The otherwise humming U.S. economy may be hitting a few speed bumps.
Business investment dropped more sharply than expected in October, and new applications for unemployment benefits unexpectedly rose in November, according to new government reports issued on Wednesday.
“U.S. economic data generally missed consensus forecasts today, raising downside risks” for third-quarter gross domestic product growth to fall below a 2.4 percent pace, Bank of the West Chief Economist Scott Anderson wrote in a note on the data.
Not all the news was negative, though: A private sector report found that home sales, down for the year, increased for the first time in seven months.
Purchases of durable goods by U.S. businesses dropped for the third month out of the last four, according to a Commerce Department report published Wednesday morning. Orders for capital goods used to make new products or provide services dropped 4.2 percent from the month before.
The report signals a potential slow down in economic growth, though preliminary reports can be revised up or down. While the Commerce Department does not single out a cause for the drop, businesses may have ordered more capital goods earlier in the year to preempt tariffs on a variety of imported products imposed by President Trump. A number of businesses have noted uncertainty over the Trump administration’s trade disputes with China and other countries in their latest quarterly earnings reports, as well in surveys conducted by the Federal Reserve.
Overall, durable goods orders fell off by 4.4 percent, or $11.5 billion, in preliminary estimates for October, driven both by the decline in capital goods orders and a sharp fall in transportation aircraft orders, which decreased 12.2 percent, or $11.7 billion, from September.
The figures missed the estimates of economists, who anticipated a drop but one not as severe as what the government reported.
Jobless claims also crept up slightly, to a four-month high, according to the Labor Department.

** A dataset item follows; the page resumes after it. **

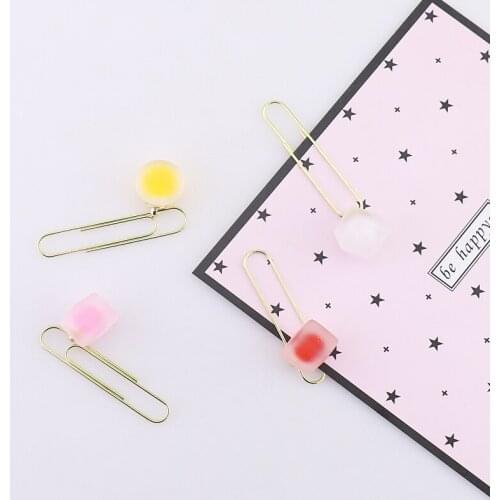 3PCS/LOT Electroplated Gold Stationery Folder t06 School Grinding H0165 Metal Paper Clip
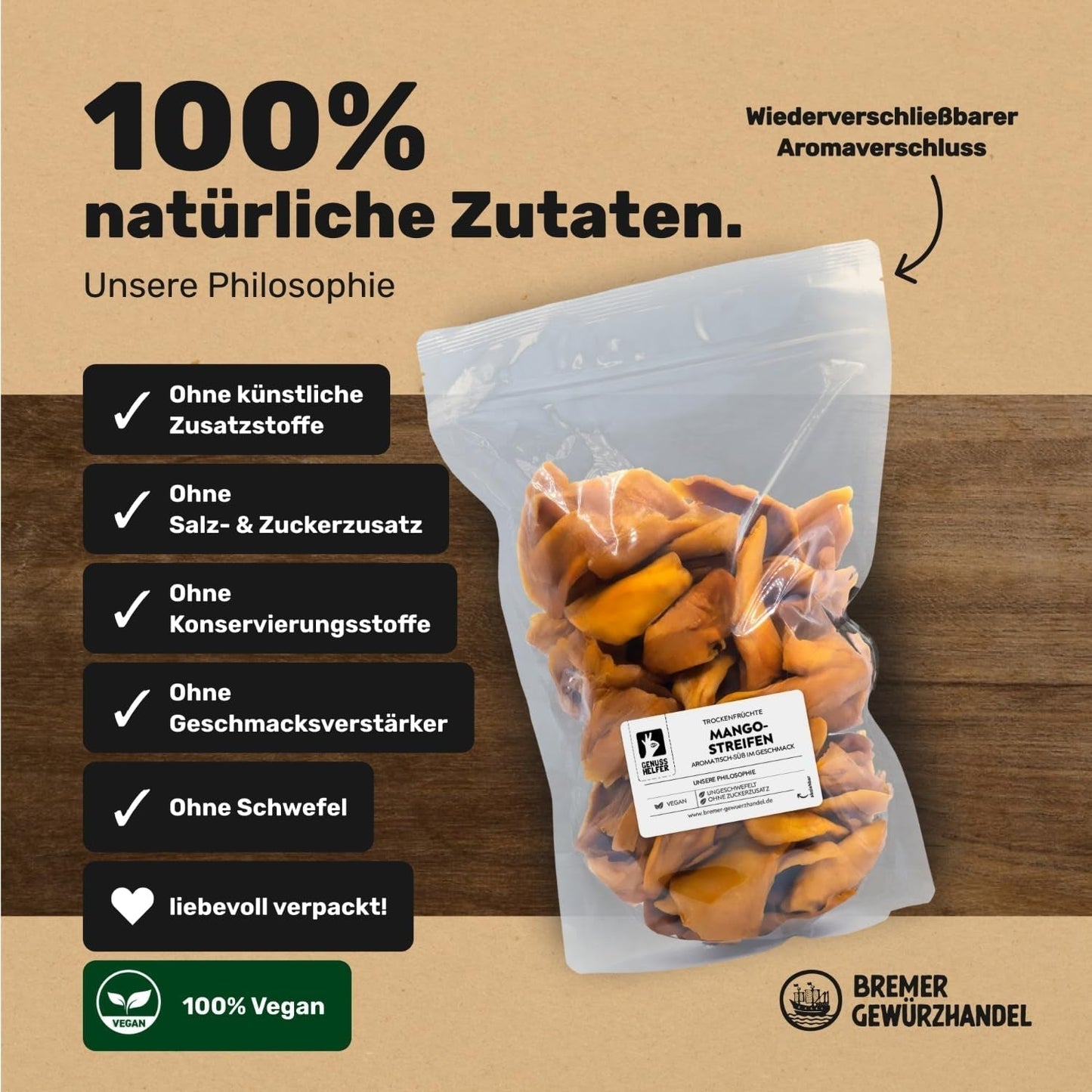 Bremer Gewürzhandel mango, tørrede mangostrimler, usvovlet, uden tilsat sukker, 1 kg Dehydrerede produkter Naty Shop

Unemployment insurance claims grew by 3,000 over the last week, reaching their highest level since June, even when adjusting for seasonal increases in employment during warm-weather months. Still, the unemployment rate remains at a nearly 50-year low of 3.7 percent.
The lagging housing market saw some welcome good news in October, as the National Association of Realtors, a real estate trade organization, reported that existing home sales increased in October, increasing 1.4 percent from September. Still, sales of existing homes are down 5.1 percent from a year ago.